[Dataset records]
=-=-=
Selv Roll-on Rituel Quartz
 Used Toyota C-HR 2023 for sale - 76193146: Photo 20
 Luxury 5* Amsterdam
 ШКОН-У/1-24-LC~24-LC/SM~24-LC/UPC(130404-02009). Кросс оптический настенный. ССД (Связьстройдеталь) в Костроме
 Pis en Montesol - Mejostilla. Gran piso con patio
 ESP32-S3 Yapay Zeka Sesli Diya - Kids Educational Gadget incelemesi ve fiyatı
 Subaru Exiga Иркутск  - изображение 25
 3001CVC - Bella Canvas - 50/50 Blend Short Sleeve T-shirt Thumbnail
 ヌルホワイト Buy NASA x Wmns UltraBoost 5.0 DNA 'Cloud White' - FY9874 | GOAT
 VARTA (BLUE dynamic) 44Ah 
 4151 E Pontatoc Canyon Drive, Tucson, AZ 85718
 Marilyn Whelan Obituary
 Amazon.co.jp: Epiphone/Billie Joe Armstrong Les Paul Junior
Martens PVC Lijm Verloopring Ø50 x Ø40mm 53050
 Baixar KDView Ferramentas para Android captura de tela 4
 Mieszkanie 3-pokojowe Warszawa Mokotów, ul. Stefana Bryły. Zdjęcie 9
=-=-=
### TASK REQUIREMENTS
Could you please copy the lines above exactly, beginning at the first and ending at the line that contains "(Связьстройдеталь) в Костроме"?

### YOUR SOLUTION
Selv Roll-on Rituel Quartz
 Used Toyota C-HR 2023 for sale - 76193146: Photo 20
 Luxury 5* Amsterdam
 ШКОН-У/1-24-LC~24-LC/SM~24-LC/UPC(130404-02009). Кросс оптический настенный. ССД (Связьстройдеталь) в Костроме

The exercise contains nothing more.